After years of collecting historical names, Jonas grew increasingly interested in discovering and supporting living artists—often at early stages in their careers. “I rediscovered the excitement of participating, of supporting young careers, of being early. There’s something thrilling about finding someone you believe in and committing to that,” he says.
Attending fairs with a younger advisor gave him the chance to meet artists directly, learn about their work firsthand and appreciate the human presence behind it. That closeness eventually led him to become a patron, supporting artists and backing a New York contemporary gallery focused on emerging voices in its expansion. “This gave me closer access to artists themselves and their work, in a way that galleries often don’t. It allowed for a more direct relationship, rather than being kept at a distance,” he reflects.

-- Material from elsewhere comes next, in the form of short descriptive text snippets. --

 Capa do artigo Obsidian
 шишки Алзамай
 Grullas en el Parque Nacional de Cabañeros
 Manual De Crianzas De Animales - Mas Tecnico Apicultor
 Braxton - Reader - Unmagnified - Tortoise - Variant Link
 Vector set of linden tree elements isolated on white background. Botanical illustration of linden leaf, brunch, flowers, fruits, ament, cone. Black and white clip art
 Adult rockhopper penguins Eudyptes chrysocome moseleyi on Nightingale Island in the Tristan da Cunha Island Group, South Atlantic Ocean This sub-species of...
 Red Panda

Entering the ultracontemporary space during the boom years—with waiting lists and BOGO deals—Jonas occasionally found himself donating works to museums in order to gain access to artists he genuinely wanted to collect. One such case involved Nate Lewis, for whom he donated a work to the Carnegie Museum. Still, that maneuver, he says, ultimately helped forge a more direct and trusting relationship with the artist that later granted access to stronger works and, in some cases, commissions.

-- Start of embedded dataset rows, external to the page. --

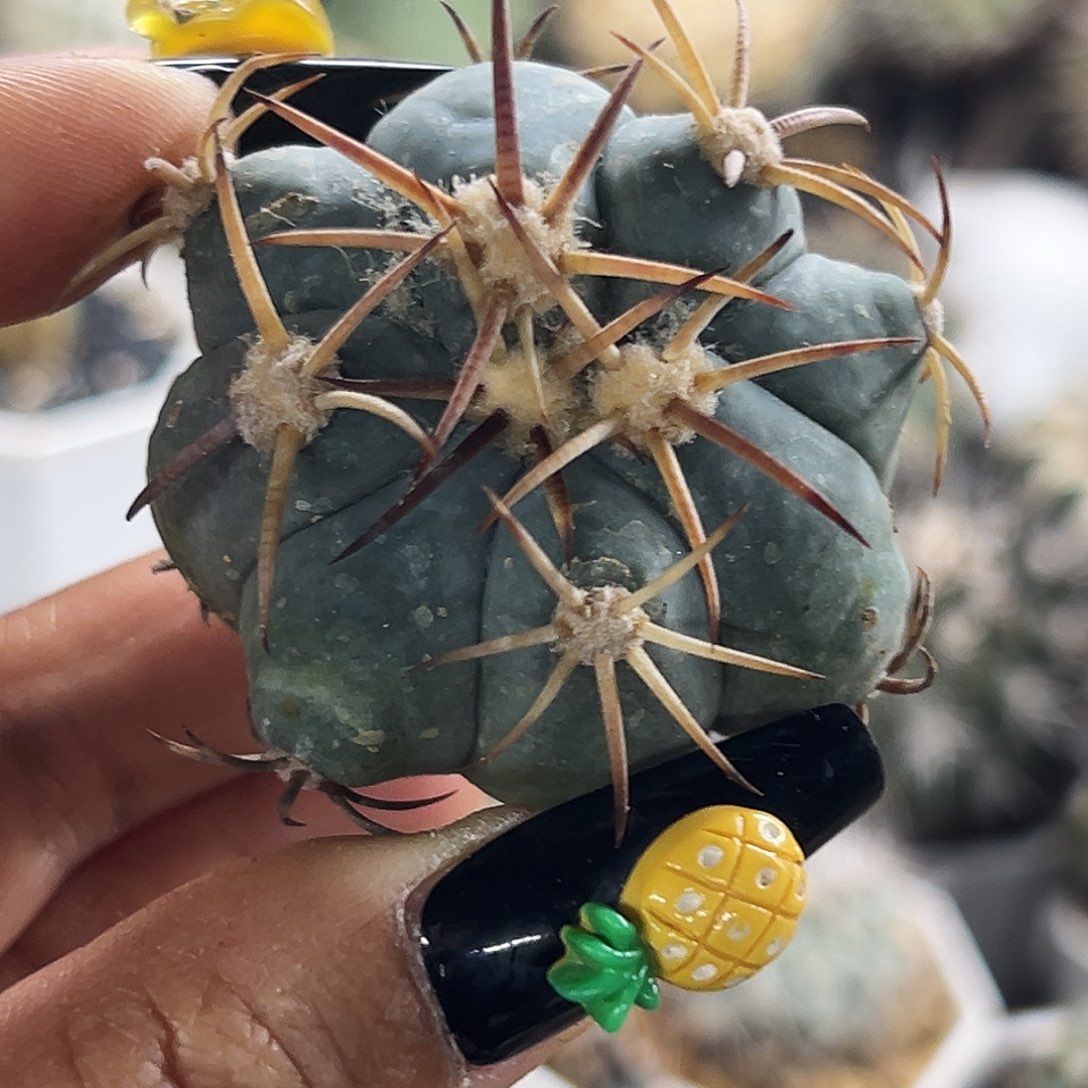 平丸瑕疵仙人球66666666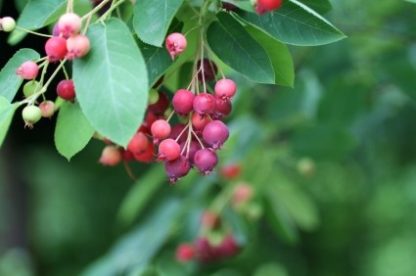 Clusters of berries in shades of pink and blue hanging from branch with green berries
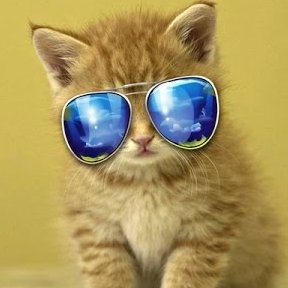 KyzaTV2's profile picture. Idk what to put as my bio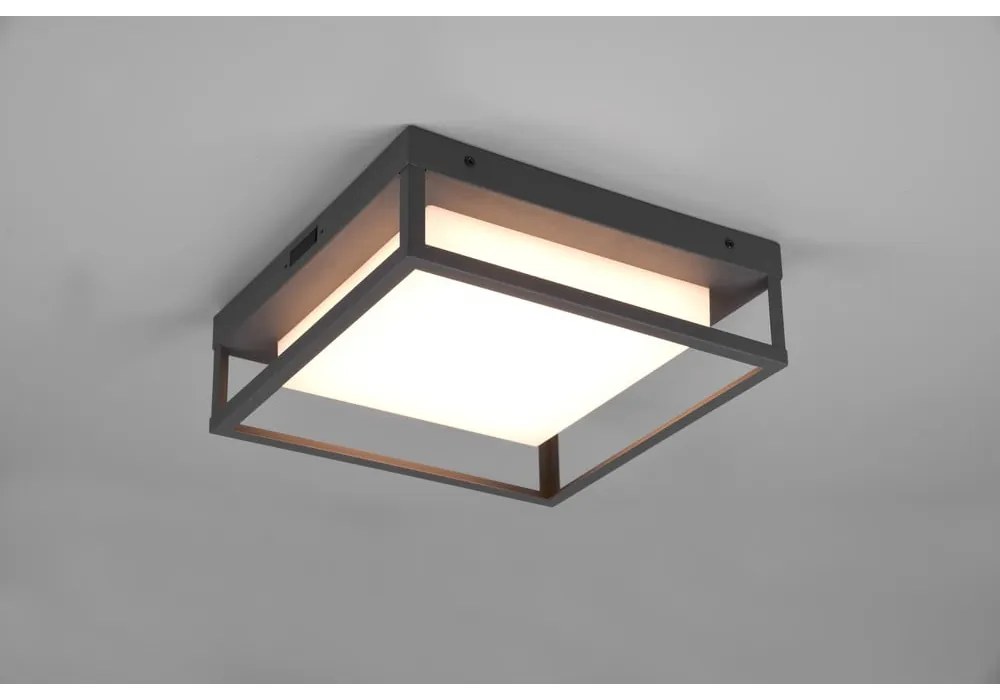 LED nástenné vonkajšie svietidlo (výška 10 cm) Witham - Trio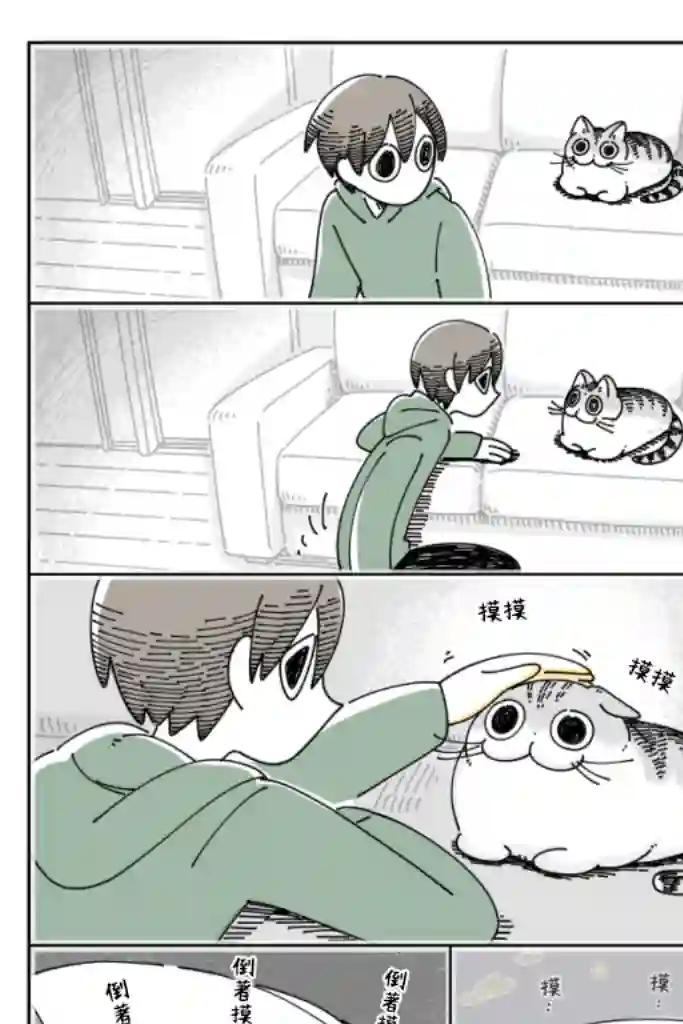 关于养猫我一直是新手第57话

Looking ahead, Jonas says he wants to remain close to artists, which is why he designed his apartment to welcome both the art and the people behind it. “For example, to get a beautiful sculpture by Eli Ping, I contacted him directly on Instagram. I asked for images, shared photos of where the work would live, and invited him over. He came for lunch. I got to know him. That’s incredibly meaningful. If that’s patronage, I don’t know, but getting closer to artists like this is deeply rewarding, because they’re people—and through that relationship, you understand the work differently.”

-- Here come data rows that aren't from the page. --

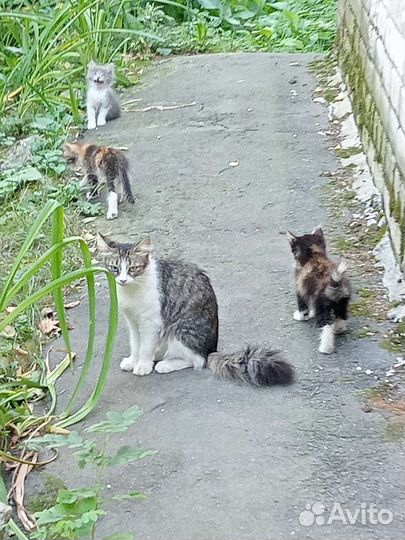 Котята и кошка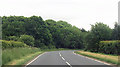 Bend in road at Butters Wood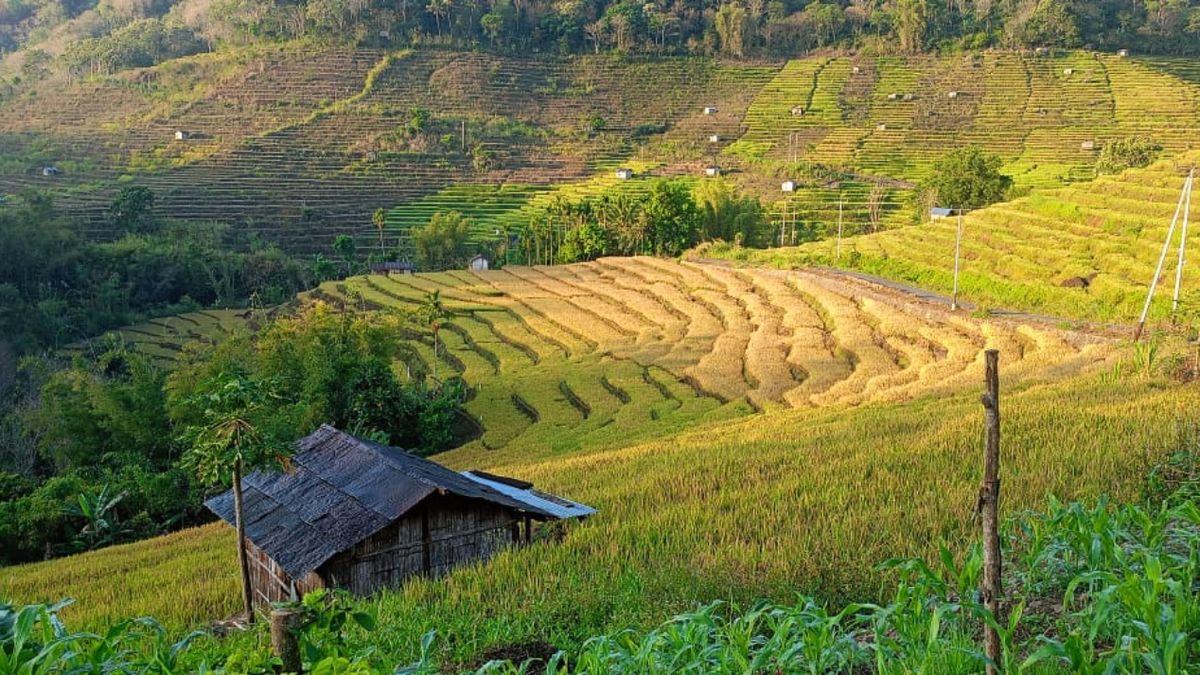 Desa kopidil selatan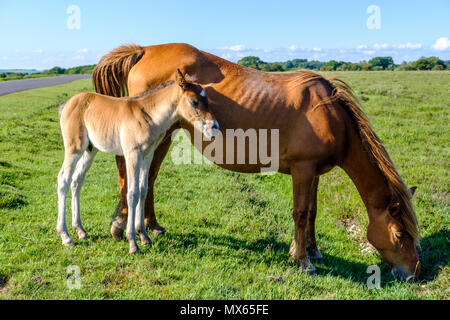 Nouvelle Forêt 2e juin 2018. Poneys New Forest avec de nouveaux poulains nés en superbe flaming juin Sunshine . Poney New Forest est l'un des montagnes et la lande reconnu ou races de poney originaire des îles britanniques. Hauteur varie de 14,2 à environ 12 mains, poneys de toutes tailles devraient être forts, selon les règles, et d'un bon type d'équitation. Paul Chambers Alamy LiveNews Crédit Banque D'Images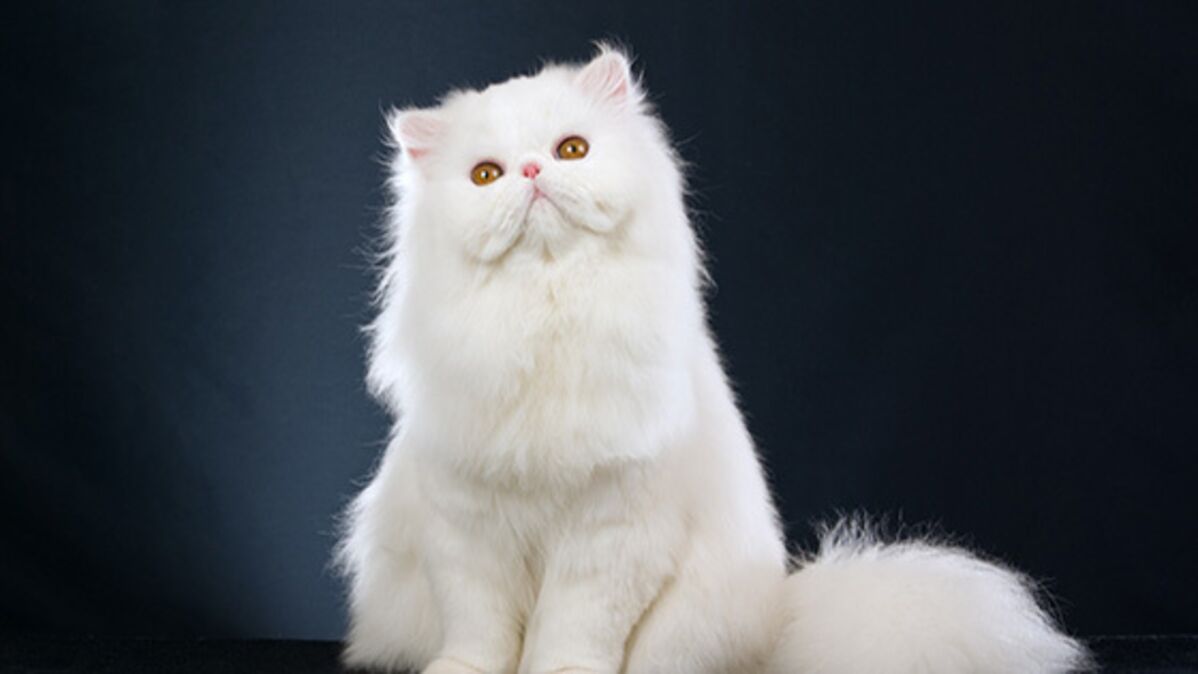Comment Bien Prendre Soin De Son Chat Persan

Like any collector, Jonas has regrets and dream acquisitions. His dream piece has always been an Egon Schiele. One of his biggest regrets? Not buying an Avery Singer the first time he encountered her work. “That one always comes to mind,” he says, recalling an early piece shown at an art fair in Paris, when she was still presenting with a small German gallery. Years passed before he acted, and by then, it was out of reach. “At some point, you say, all right, next case. It’s overpriced now, it’s no longer at a level that makes sense for me, and the moment has passed.”
A similar story unfolded with Japanese artist Yu Nishimura, whom Jonas discovered early on but struggled to access. Though prices have shifted—especially following a stellar year of auction records and David Zwirner representation—Jonas recently acquired a piece from Nishimura’s latest show at Crèvecœur in Paris. “It’s a little baby one, and I’d still like to get another. But once the train has left the station that far, it becomes very difficult.”
Even with a collection so large, Jonas admits he’s never managed to set a strict annual budget. “I’ll tell myself, I shouldn’t buy anymore, I really shouldn’t—and then I do. If I have the money, I can afford it and I love it, then boom. It’s my biggest passion. It’s a passion, it’s an addiction—but it’s a rewarding addiction.”
Taken broadly, Jonas sees his collecting as a natural extension of his engagement with beauty. “I love art, I love music, I love dance,” he says. “To be able to live with it, embrace it, learn about it and discover the next piece of beauty in the world—it’s incredible. They’re like my children, you know. And I love all my children.”